Through the manifestos, photographs, flyers and recollections of those who were part of the movement, this digital story explores the ways in which gay people found their voice in Melbourne, and refused to pass for straight anymore.
Gay Liberation had both local and imported roots. Internationally the New York City Stonewall riots in 1969 sparked off a new phase of radical gay politics, drawing on the momentum of activist organisations and protests across America throughout the 1960s, but locally few people took immediate notice, though fledgling advancements in homosexual law reform had developed within the civil liberties movement.

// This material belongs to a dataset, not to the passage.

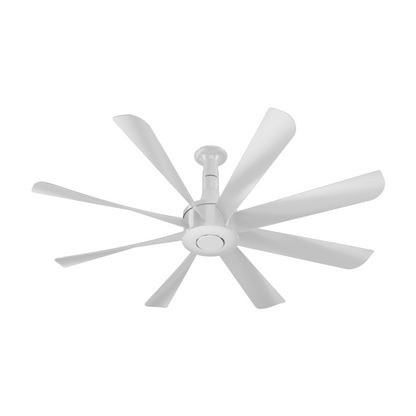 Crompton Luxian Statement Senze Ceiling Fan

In Melbourne, the short-lived Daughters of Bilitis (later Australasian Lesbian Movement) arrived quietly on the scene in January 1970, gaining media coverage but limited influence. The real start to the Australian gay movement occurred in September 1970 with the formation of the Campaign Against Moral Persecution, or CAMP, in Sydney. Within two years there were CAMP branches in most Australian capital cities, with the Melbourne branch established in January 1971, soon renamed Society Five. However, despite the success of these organisations in counselling and socialising and later law reform, the relatively closeted nature of Society Five was never radical enough for some activists.
Gay Liberation arrived in Australia first in Sydney in 1971 and soon after in Melbourne and other states. By 1972 small Gay Liberation groups were springing up around the country. The differences between Gay Liberation and Society Five were in practice small, but those in Gay Liberation prided themselves on their commitment to bringing about radical social change.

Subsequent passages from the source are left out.